Universities in the UK desperately needed Bridget Phillipson’s announcement this afternoon of a rise in tuition fees. The Education Secretary has said they will rise from £9,250, to £9,535 next year and £10,500 by 2029. This was necessary if only to offset the effect of last week’s Budget announcement of a 1.2 per cent rise in employers’ NI and the reduction in the threshold at which it becomes payable; that alone will saddle them with extra costs of just under £400 million a year.

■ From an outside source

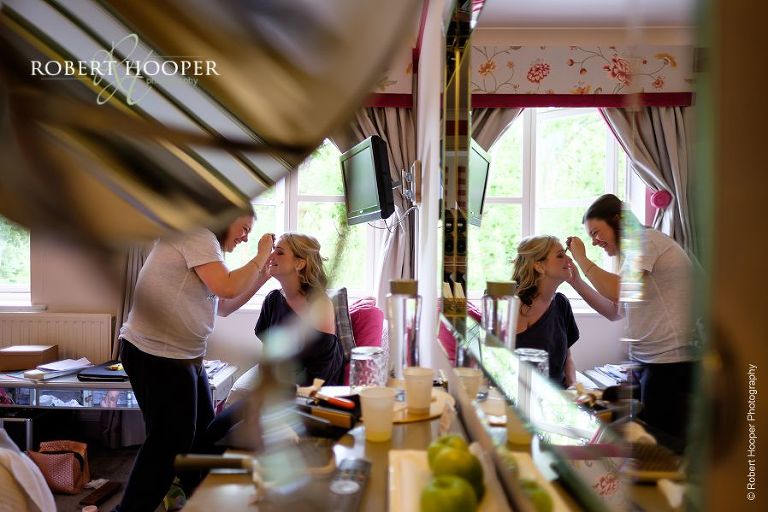 Bridal preps at The Mill at Gordleton in preparation for wedding day at at All Saints' Hordle Church Hampshire and The Three Tuns, Dorset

What is unsustainable is the number of students the state chooses to support
All this aside, the institutions are already in deep trouble. Fees for domestic students do not cover costs. The previous practice of trying to make ends meet by an increased recruitment of higher-paying foreign students, relatively successful until about five years ago, has become more difficult. The removal by the outgoing Tory government of foreign students’ rights to bring extended families with them was entirely understandable – but it did have the side-effect of reducing the attractiveness of UK universities. The universities’ bind has been made worse by increased competition from other English-speaking institutions elsewhere, and also by the unfortunate collapse of Nigeria’s currency, with the country up till now the source of many overseas applications.

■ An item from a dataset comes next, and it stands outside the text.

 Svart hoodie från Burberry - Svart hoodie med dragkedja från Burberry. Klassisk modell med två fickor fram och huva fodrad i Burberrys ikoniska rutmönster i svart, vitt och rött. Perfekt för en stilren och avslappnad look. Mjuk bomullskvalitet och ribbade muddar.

The result has been a dismal process of more cost-cutting and a decline in quality. It is well known that a number of institutions are effectively insolvent, including some relatively high-profile ones. And even among those that are not, we are hearing of an increasingly industrial process of instruction, with vastly inflated student numbers. Tutorials, the small-group teaching that used to mark UK universities out as a seriously quality product, have meanwhile been reduced to online sessions held over Zoom with groups of up to 50 students at a time.
Will Bridget Phillipson’s announcement help universities? To give her credit, we must admit in some ways that it will. Even if offset by the extra NI costs, the absolute increase in income will remove some immediate pressure – even if the money will not flow into the coffers for nearly a year. Further, the recognition that the amounts paid to universities should be closer to the costs they actually incur in educating students injects some necessary realism into their finances. Also welcome is the recognition that fees need to increase with inflation in the same way as universities’ costs do. The figure of £9,250 has not risen for seven years: while explicable for political reasons, this is clearly unsustainable.
However, we are not out of the woods yet. The announcement from the Department for Education is only a temporary solution; the malaise remains.
First, to some extent, this amounts simply to sending the bill for present expenditure to future generations of students. The average student already graduates with an eye-watering debt of between £40,000 and £50,000. Since in the vast majority of cases the increase in fees will be covered by student loans, this millstone round students’ necks is likely to get progressively heavier over the next few years.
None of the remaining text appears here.